In Montreal, we see this difference in approach in our city’s restaurant reviews, with La Presse, which uses a descriptive, critical blurb and no grade, whereas in the Gazette, like in New York Times, we see a bold star rating followed by a supporting critique; the emphasis on measuring performance just above delivering qualitative information.
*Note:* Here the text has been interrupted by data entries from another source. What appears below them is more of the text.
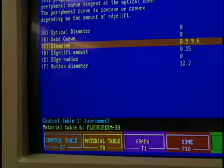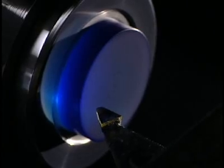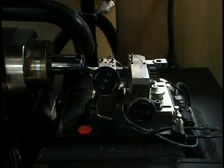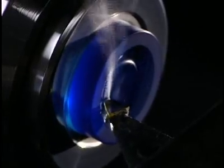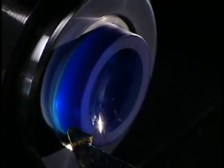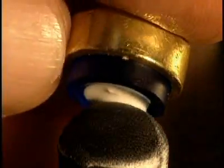The process begins with data processing control of the shaping. Data is supplied by a computer which controls a digital lathe. They begin by shaping the inner curvature of the lens. This digital lathe, rotating at 6,000 revolutions per minute, is equipped with an industrial diamond. It shapes the inner surface — the part that touches the cornea.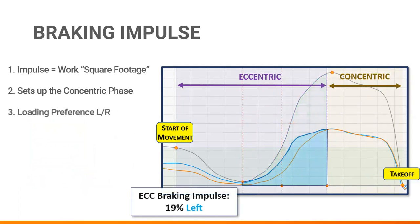The second point to make about braking impulse is related to asymmetry analysis. By examining this aspect we can see which side does more work to decelerate the body during preparation for a jump. This clearly has huge implications in injury risk reduction and throughout the rehab process. Landing phase results should also be compared with similarities to this kind of metric.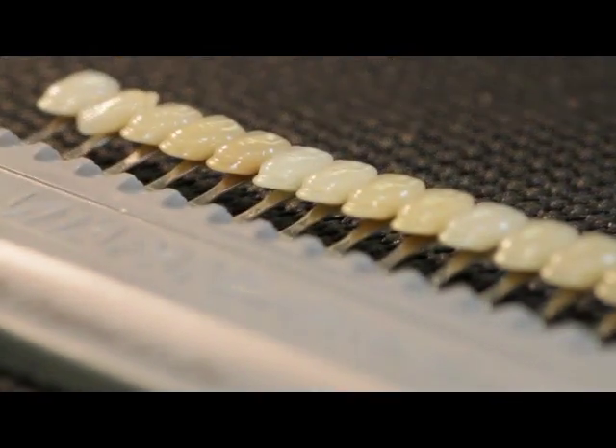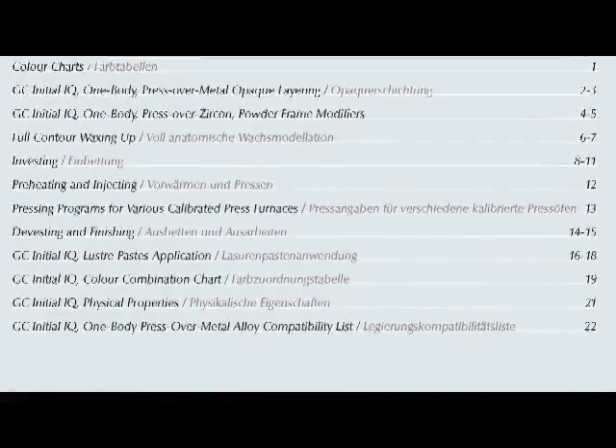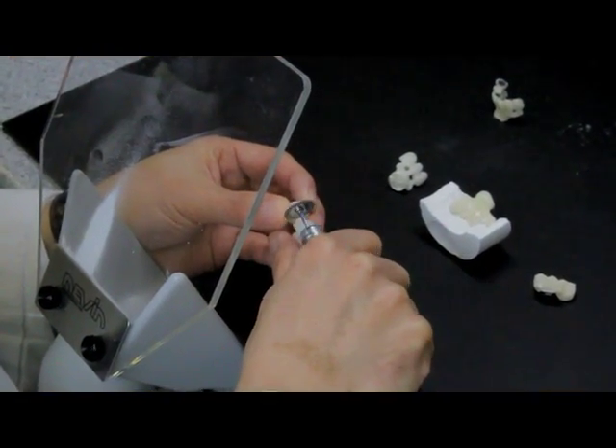To make a perfect Vita shade crown, please follow the basic step-by-step instruction. Before applying the Lustre coating, the ceramic restoration is shaped and contoured using adjusted diamond burrs.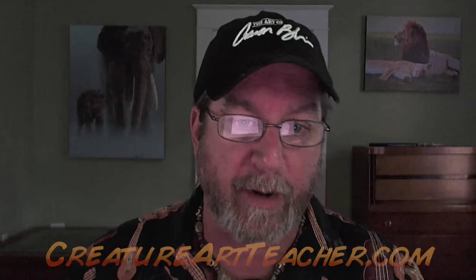Hey everybody, it's Aaron Blaze, and it's been a while since I've talked to you guys. I'm in my new digs now, and I've got some new Photoshop brushes that I've created that I want to share with you guys. When I do my digital work, I don't like it to look digital — I want it to look traditional, because a lot of times I'm creating imagery as a comp, as a practice image for a big traditional piece. These brushes are going to be available on my website, creatureartteacher.com.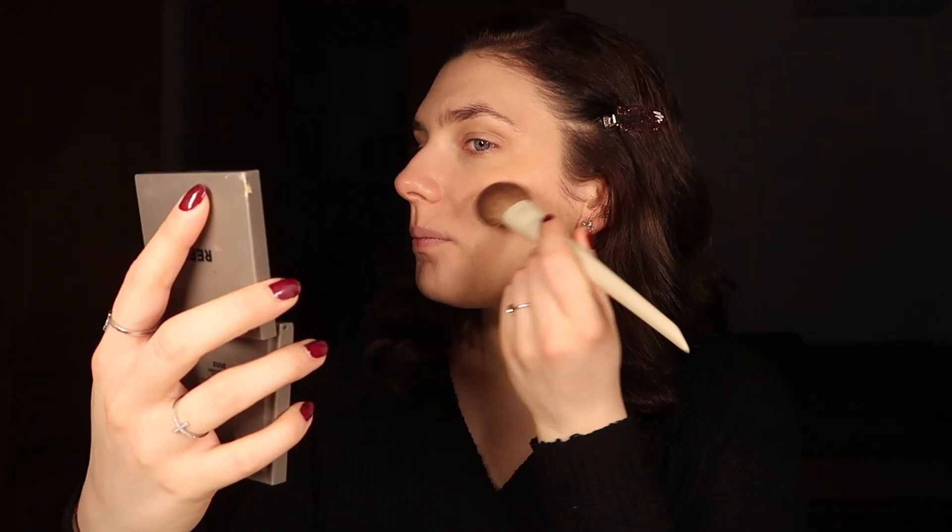One thing I think is that a mob wife would be a lot tanner than I am, because she's spending her time in sunnier parts of the world. But we're just going to imagine that I am tan now and live with that illusion.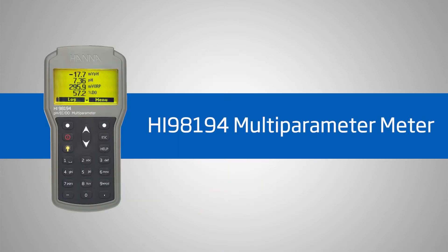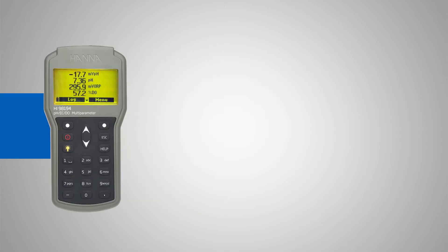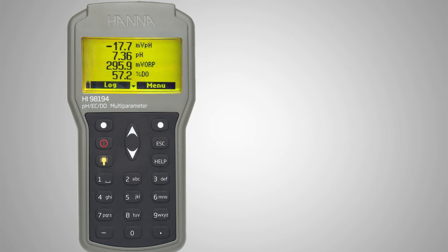Hi everyone, I'm Tiffany with Hanna Instruments and today we are going over our HI98194 Multi-Parameter Meter for environmental and water treatment professionals. This meter features a clear display with dedicated buttons for measurement, calibration, and unit selection. Powerful logging features and an easy calibration process make this meter a great tool for your water quality program. Hanna Instruments provides you with affordable and accurate equipment to help you achieve professional results.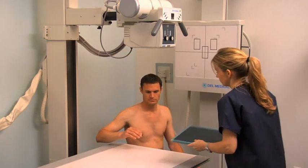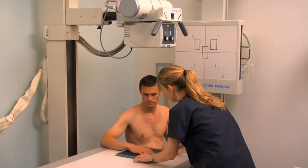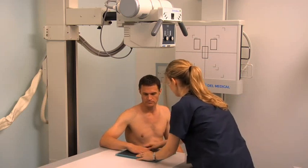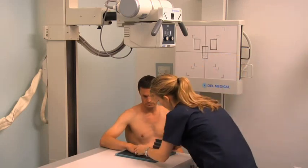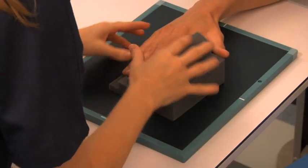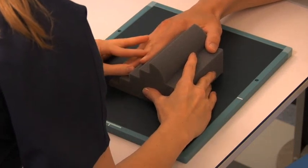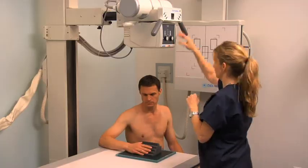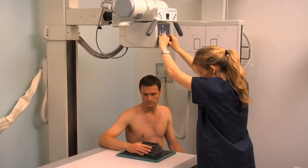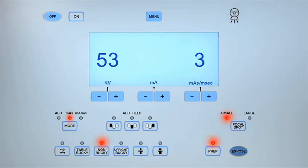For an oblique projection, place a second 8-by-10-inch cassette on the tabletop. Reposition the patient's arm and rotate their hand and forearm 45 degrees laterally. Separate their fingers and support them on a stepped 45-degree angle radiolucent sponge. Align the finger with the center of the cassette and position the central ray over the proximal interphalangeal joint. Collimate to include the same structures as for the PA projection and expose the cassette.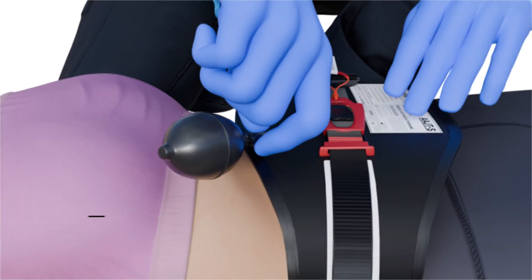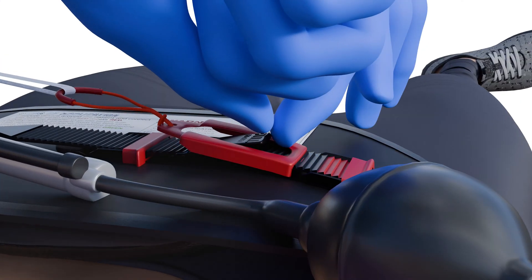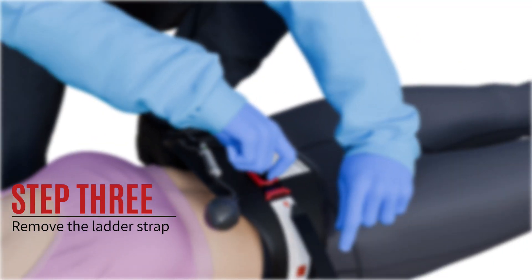Step 1: Deflate the bladder slowly. Step 2: Lift and release the pull tab. Step 3: Remove the ladder strap.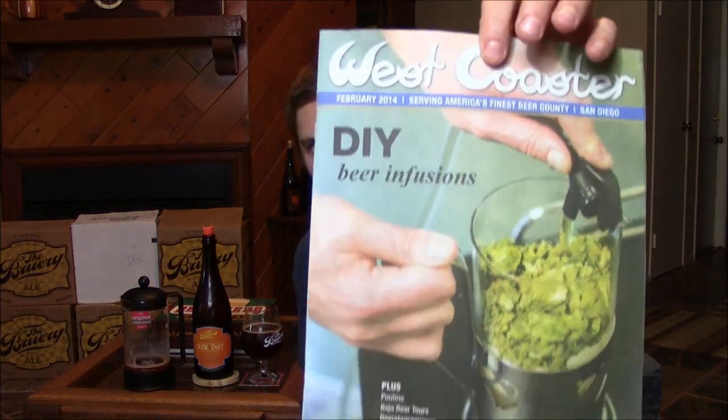Hey everyone, back with this month's edition of West Coaster. I'm a little late for the February issue, but I want to get this video posted. I don't know if you guys saw the cover, but boom, look at that.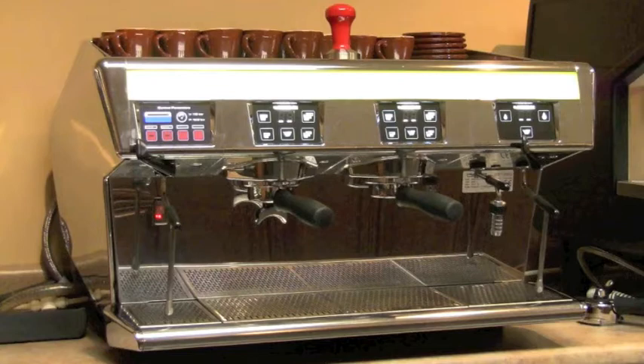Stella Decafe surprises with its fully stainless steel body and its unique contemporary figure. It's available in two models — the standard or the volume plus — with 2, 3, or 4 groups.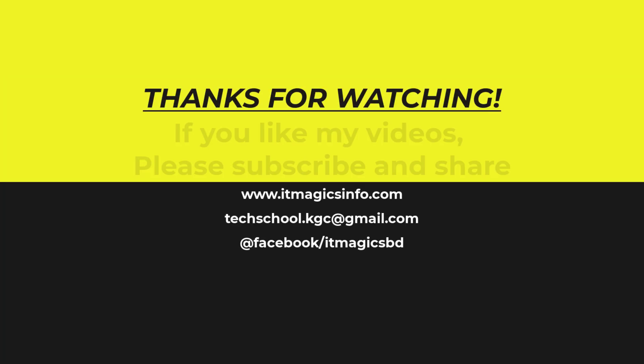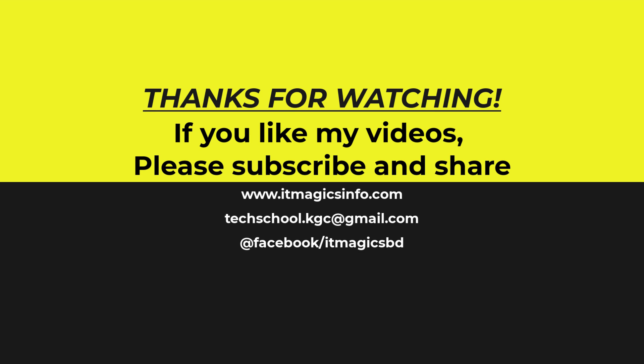If you like my videos, please subscribe and share.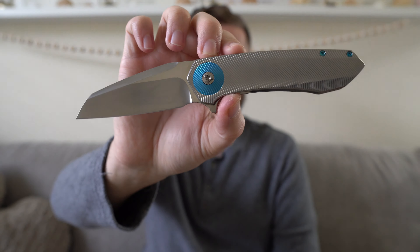Let's start with ergos. If you're wondering what number Drifter this is, it's marked internally. This one is Drifter number 182. You've just got the Skiff logo on the opposite side internally.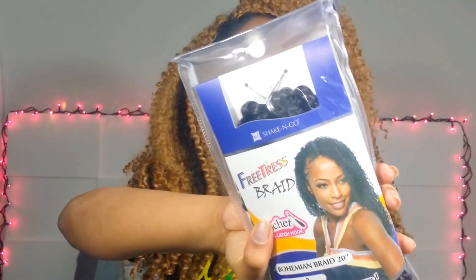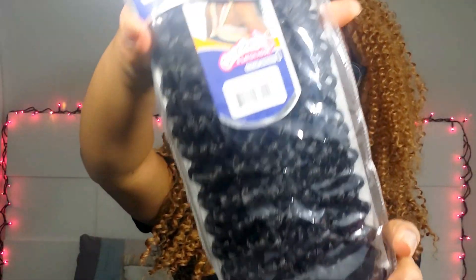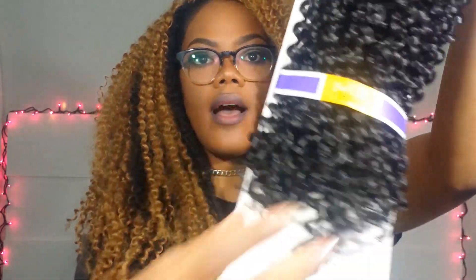This is what the packaging looks like. I'm going to take it out of the bag so you can get a better look at it. This is the color number 2. I got about 6 packs — I got it in color number 2 and also in color number 27.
The New York Times restaurant review, the mother of all ratings of this kind in NA in terms of clout, is considered by many as the ultimate reference in NYC and regularly causes much uproar. The French have the Michelin guide, which is a historic three star system, but a different creature altogether, only judging the cream of the crop. A mere star is an honour, with 70 or so two-stars and only twenty six three-star restaurants.. On this side of the Atlantic , one star would be a lacklustre grade. Here, we’re more generous with our stars, but then take them away to determine the score. The guides with authority in Quebec besides local newspapers, are the CAA, the Voir, the Guide Debeur, all with slightly different criteria and scales of their own. The Zagat consumer based guide, hasn’t made significant inroads here, mostly because it’s in English only.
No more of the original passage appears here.